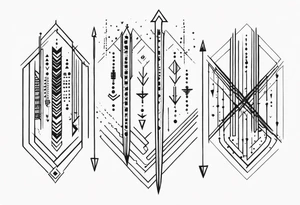 three basic parallel arrows.
The first arrow broken near the flight.
the second middle arrow in tact. the third arrow broken near the head. morse code for JAK in the design. tattoo idea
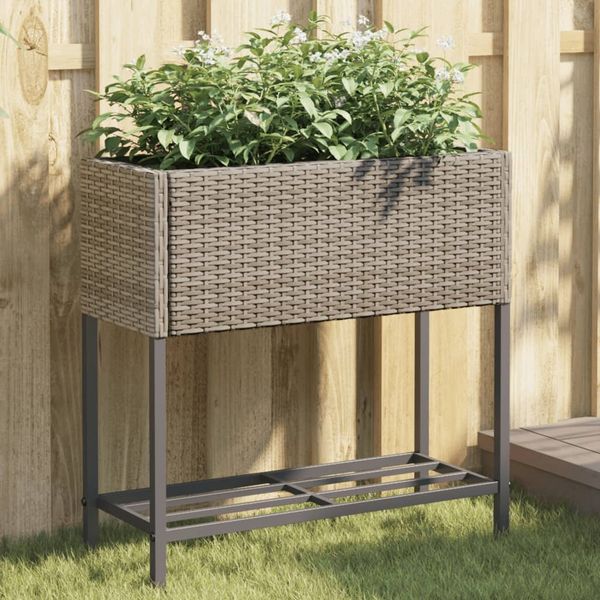 Hochbeete mit Ablage 2 pcs, Blumenkasten Blumentopf Grau 70 x 28 x 70 cm Poly Rattan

····················

Report every line of the data in which "broken" appears.

The first arrow broken near the flight.
the second middle arrow in tact. the third arrow broken near the head. morse code for JAK in the design. tattoo idea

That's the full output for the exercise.